Records shown:
__________

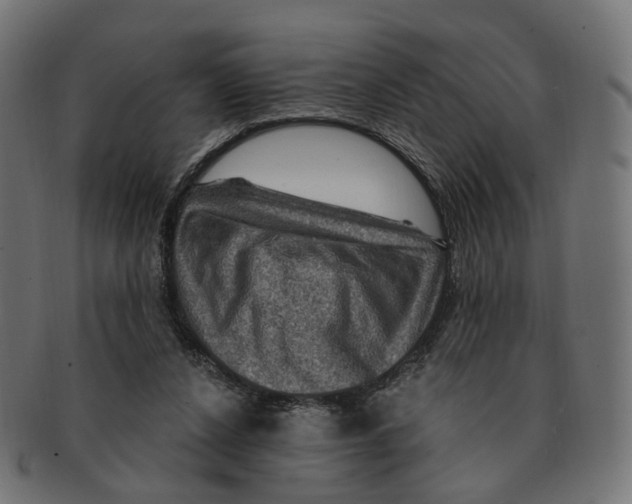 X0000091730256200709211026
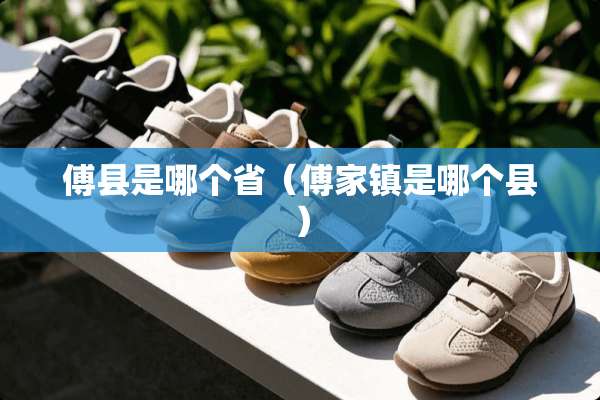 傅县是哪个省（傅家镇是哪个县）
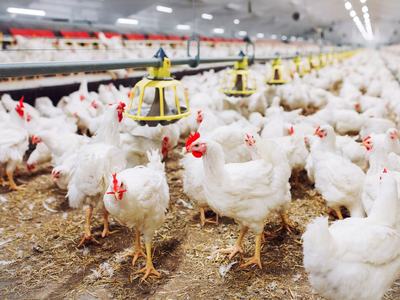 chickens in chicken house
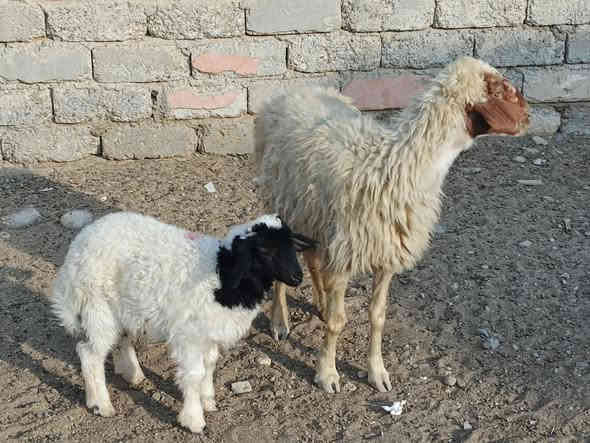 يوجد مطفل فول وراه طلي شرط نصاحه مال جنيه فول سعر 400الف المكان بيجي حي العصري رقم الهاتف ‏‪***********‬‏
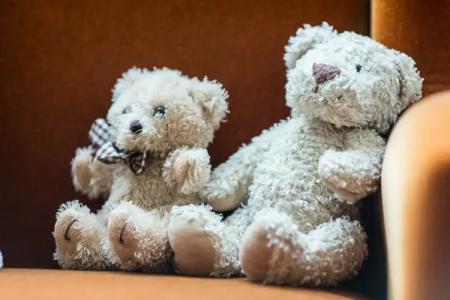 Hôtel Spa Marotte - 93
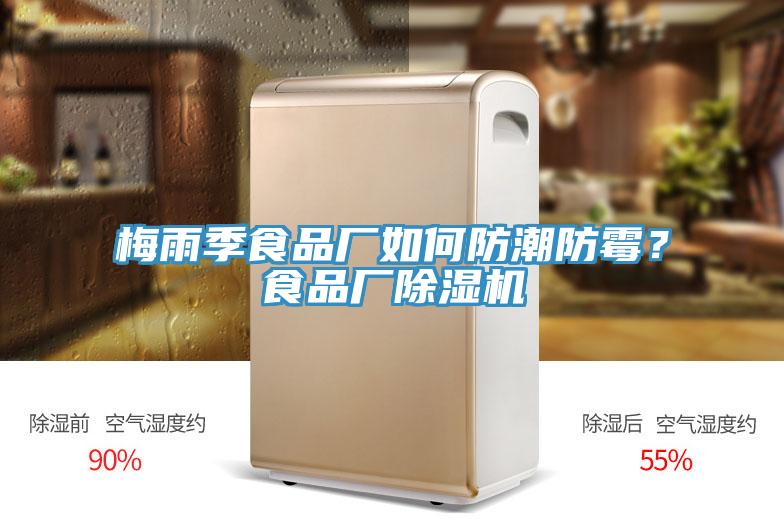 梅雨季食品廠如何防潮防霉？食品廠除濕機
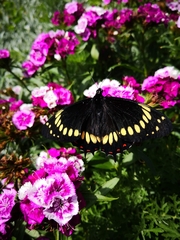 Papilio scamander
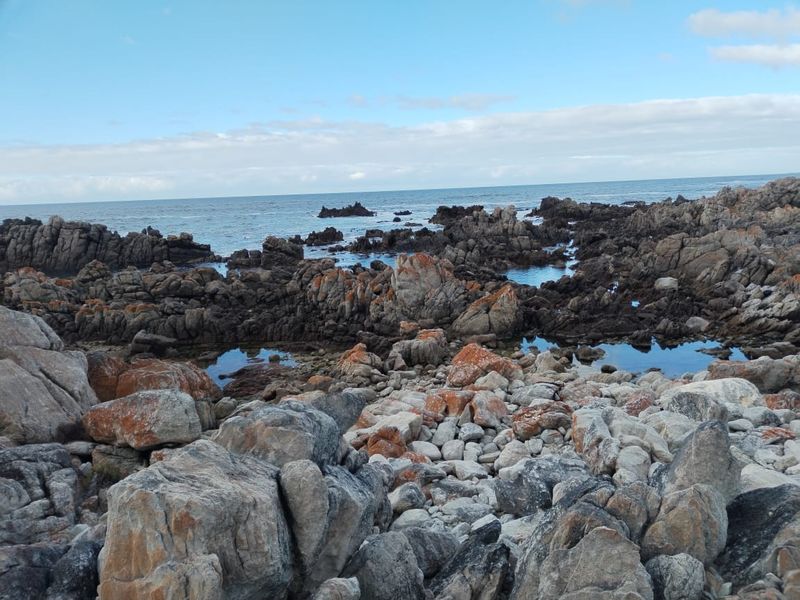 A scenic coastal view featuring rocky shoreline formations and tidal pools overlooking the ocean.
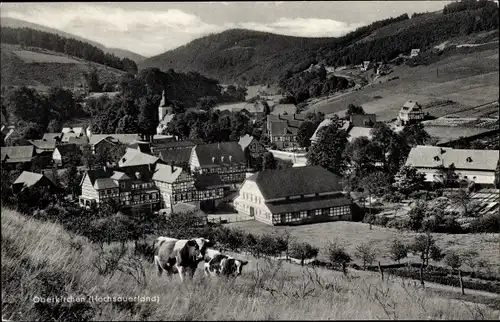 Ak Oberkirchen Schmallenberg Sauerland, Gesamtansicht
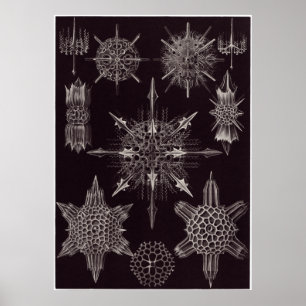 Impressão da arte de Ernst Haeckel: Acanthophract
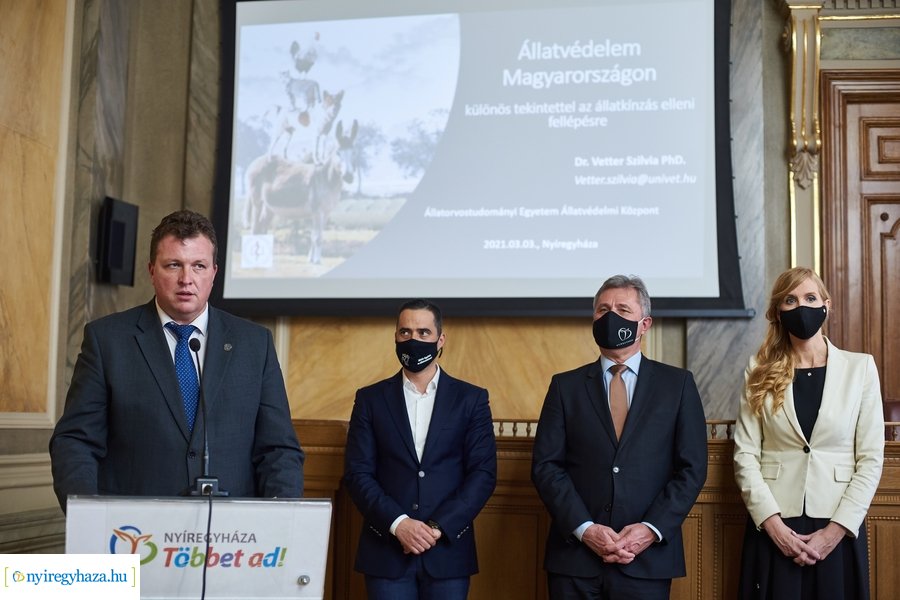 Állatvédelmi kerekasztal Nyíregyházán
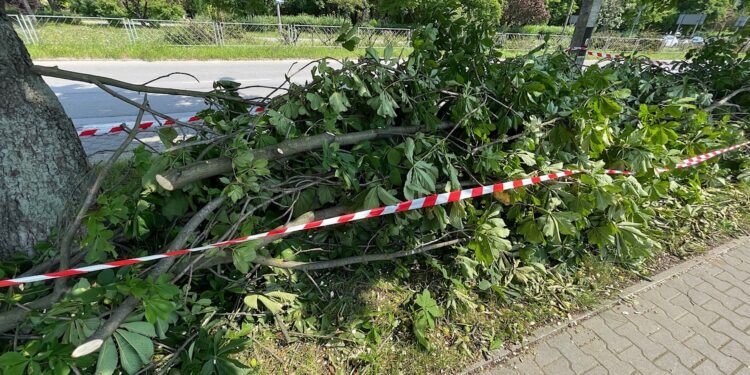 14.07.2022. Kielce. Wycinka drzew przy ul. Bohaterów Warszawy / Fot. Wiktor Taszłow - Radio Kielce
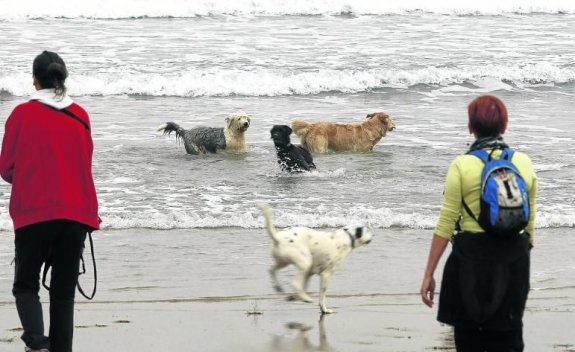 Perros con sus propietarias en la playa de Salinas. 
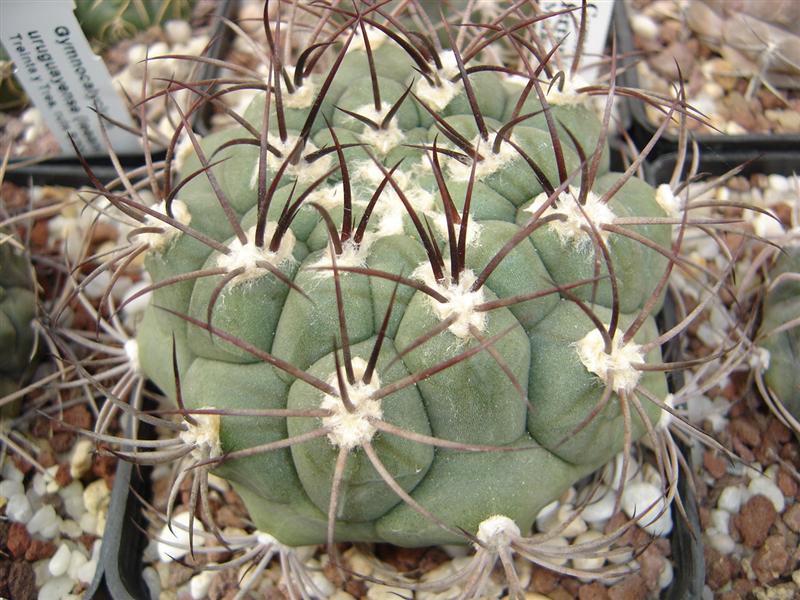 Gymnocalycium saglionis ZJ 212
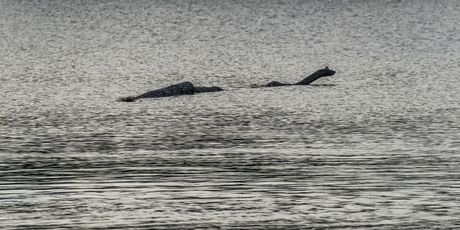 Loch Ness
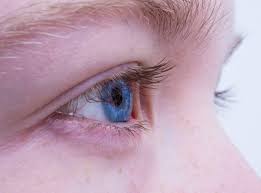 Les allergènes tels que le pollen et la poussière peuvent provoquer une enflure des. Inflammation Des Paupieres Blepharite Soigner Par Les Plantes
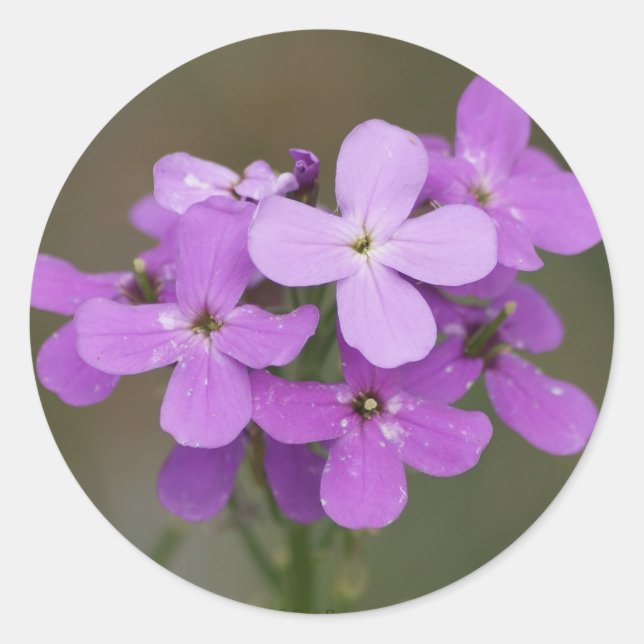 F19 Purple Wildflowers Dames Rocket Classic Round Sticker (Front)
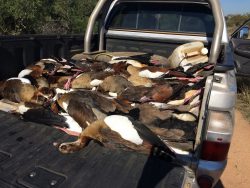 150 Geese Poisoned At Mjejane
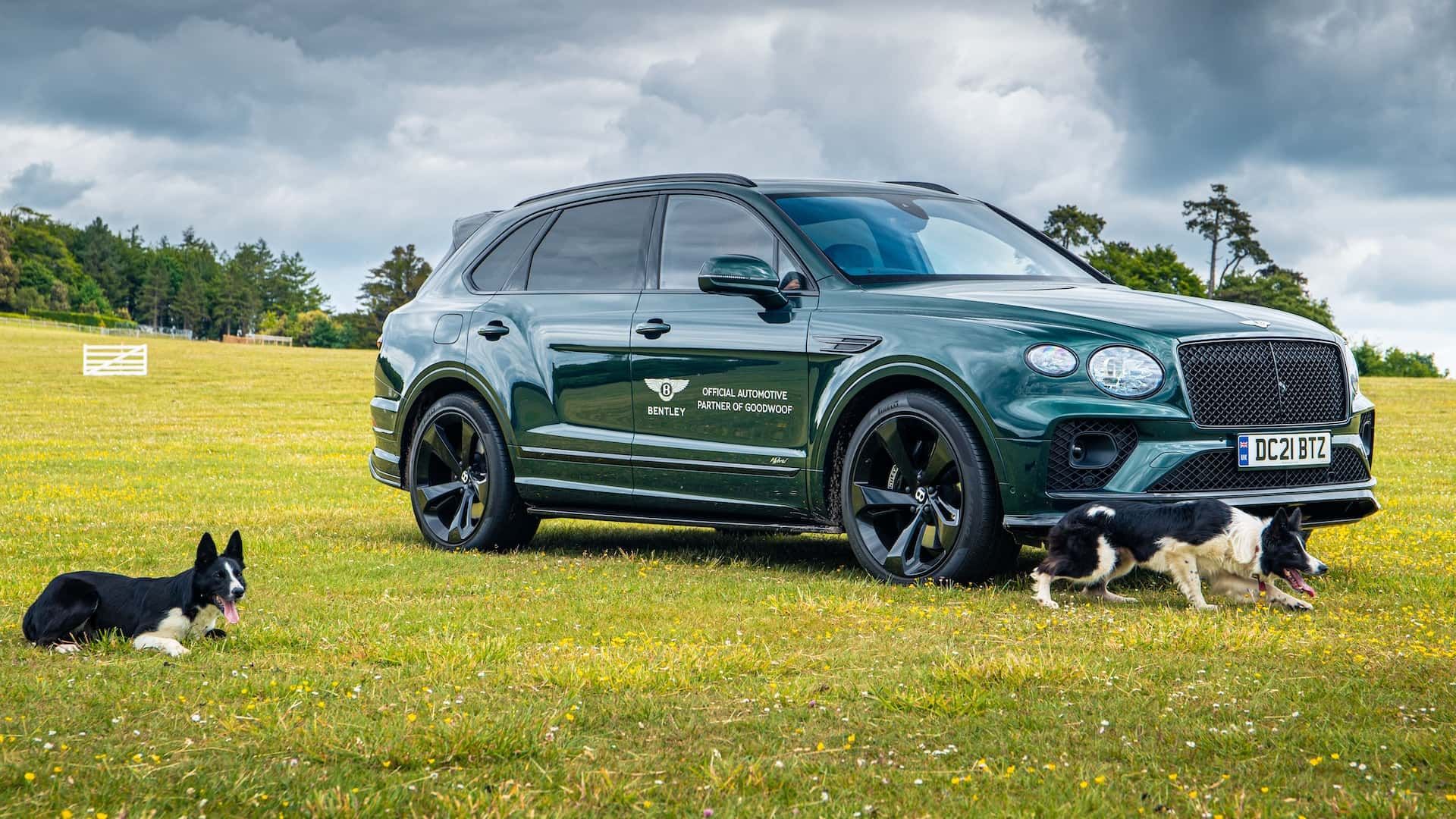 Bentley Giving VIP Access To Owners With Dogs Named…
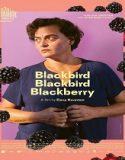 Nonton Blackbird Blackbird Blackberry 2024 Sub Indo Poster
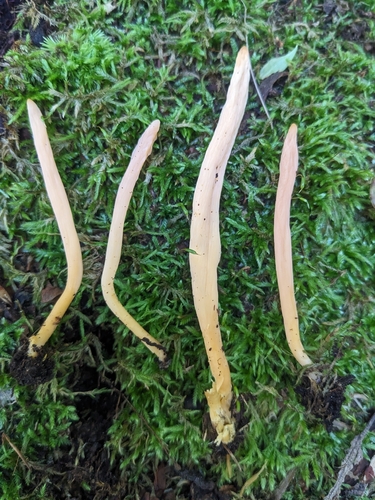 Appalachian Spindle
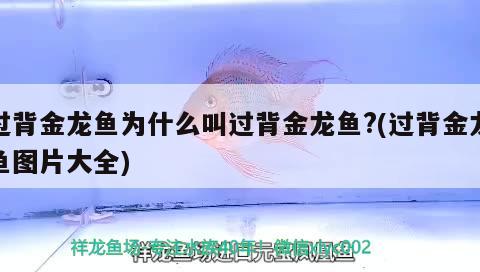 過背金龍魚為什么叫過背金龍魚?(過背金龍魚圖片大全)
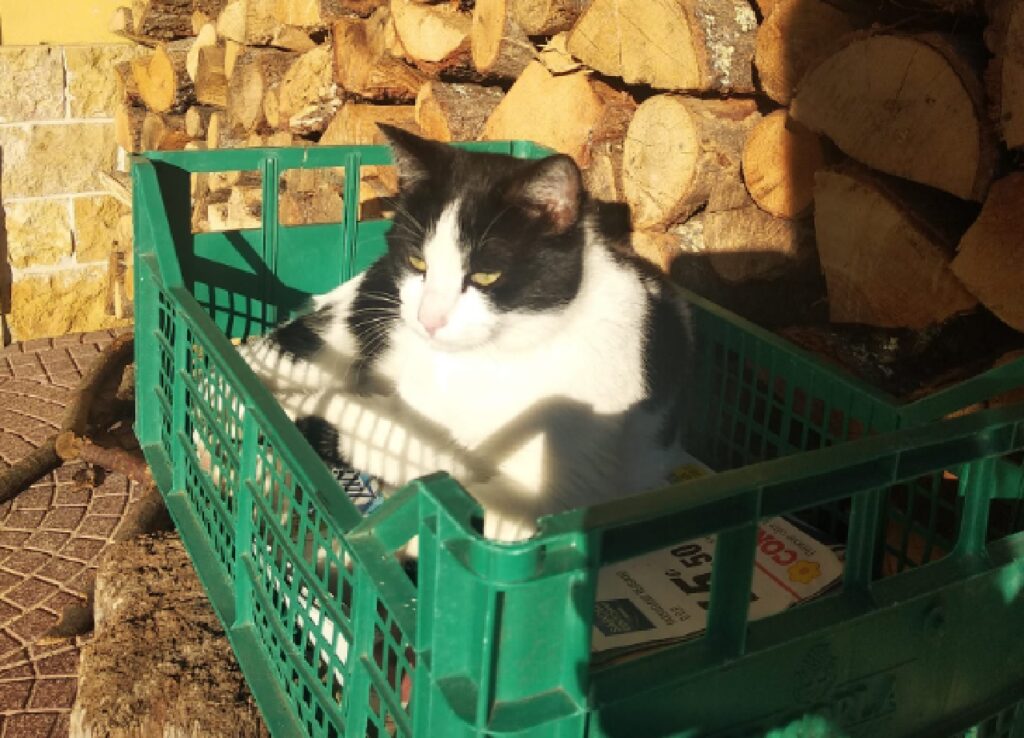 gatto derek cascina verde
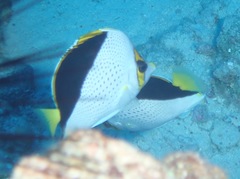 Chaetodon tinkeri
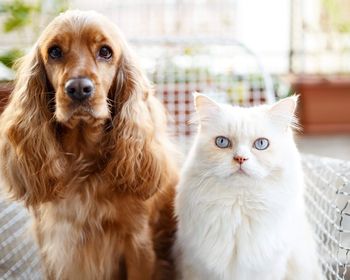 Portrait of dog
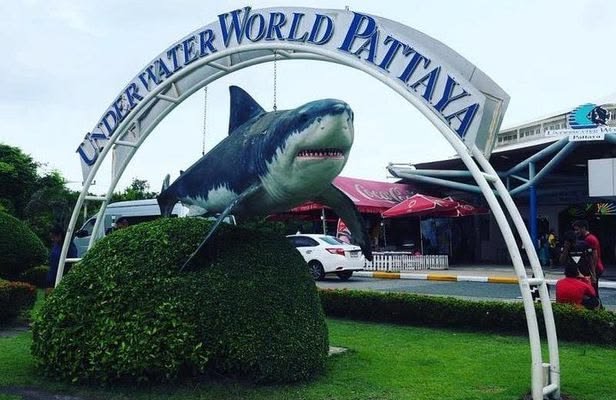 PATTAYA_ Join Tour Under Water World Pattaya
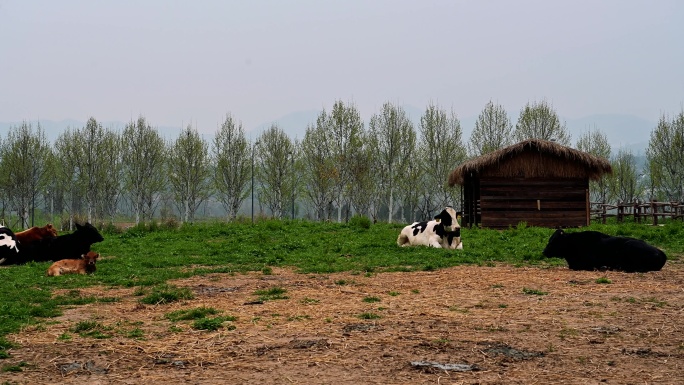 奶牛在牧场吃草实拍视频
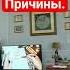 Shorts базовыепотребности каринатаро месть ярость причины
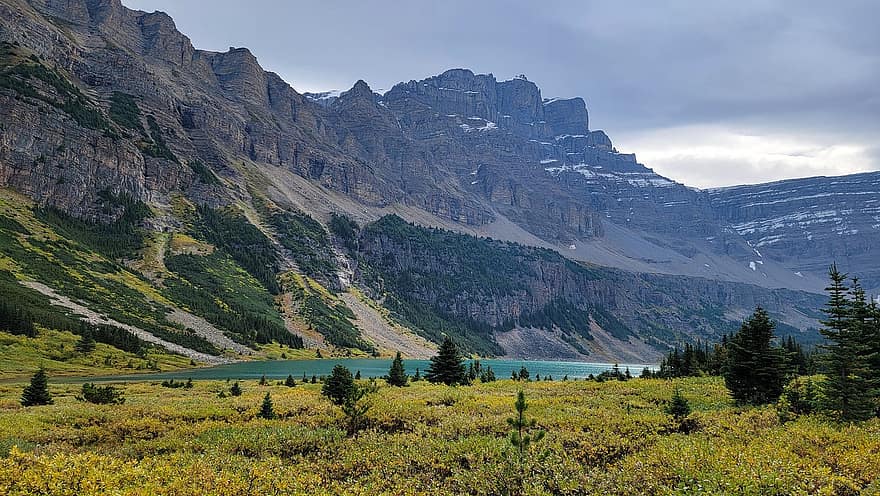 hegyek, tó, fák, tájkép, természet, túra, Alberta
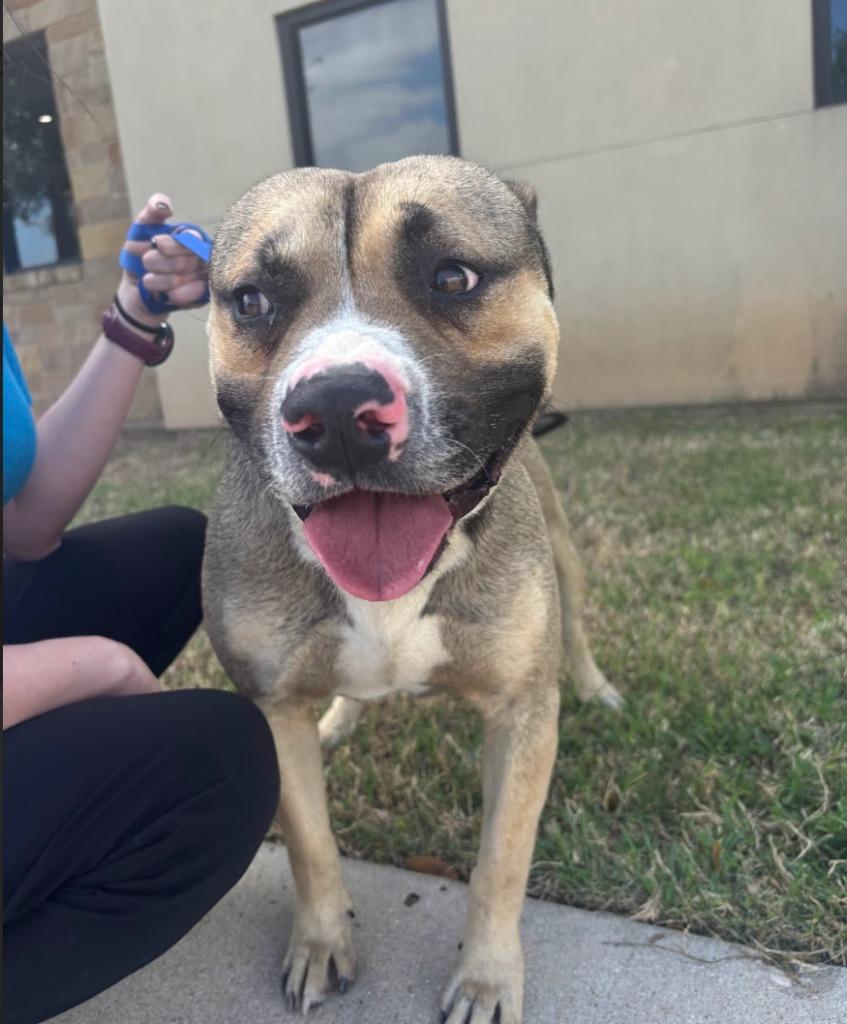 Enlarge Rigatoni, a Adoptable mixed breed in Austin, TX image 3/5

__________

What you should do:
In the copy, no picture may appear; the records themselves must be output exactly.

Solution for this task:
 X0000091730256200709211026
 傅县是哪个省（傅家镇是哪个县）
 chickens in chicken house
 يوجد مطفل فول وراه طلي شرط نصاحه مال جنيه فول سعر 400الف المكان بيجي حي العصري رقم الهاتف ‏‪***********‬‏
 Hôtel Spa Marotte - 93
 梅雨季食品廠如何防潮防霉？食品廠除濕機
 Papilio scamander
 A scenic coastal view featuring rocky shoreline formations and tidal pools overlooking the ocean.
 Ak Oberkirchen Schmallenberg Sauerland, Gesamtansicht
 Impressão da arte de Ernst Haeckel: Acanthophract
 Állatvédelmi kerekasztal Nyíregyházán
 14.07.2022. Kielce. Wycinka drzew przy ul. Bohaterów Warszawy / Fot. Wiktor Taszłow - Radio Kielce
 Perros con sus propietarias en la playa de Salinas. 
 Gymnocalycium saglionis ZJ 212
 Loch Ness
 Les allergènes tels que le pollen et la poussière peuvent provoquer une enflure des. Inflammation Des Paupieres Blepharite Soigner Par Les Plantes
 F19 Purple Wildflowers Dames Rocket Classic Round Sticker (Front)
 150 Geese Poisoned At Mjejane
 Bentley Giving VIP Access To Owners With Dogs Named…
 Nonton Blackbird Blackbird Blackberry 2024 Sub Indo Poster
 Appalachian Spindle
 過背金龍魚為什么叫過背金龍魚?(過背金龍魚圖片大全)
 gatto derek cascina verde
 Chaetodon tinkeri
 Portrait of dog
 PATTAYA_ Join Tour Under Water World Pattaya
 奶牛在牧场吃草实拍视频
 Shorts базовыепотребности каринатаро месть ярость причины
 hegyek, tó, fák, tájkép, természet, túra, Alberta
 Enlarge Rigatoni, a Adoptable mixed breed in Austin, TX image 3/5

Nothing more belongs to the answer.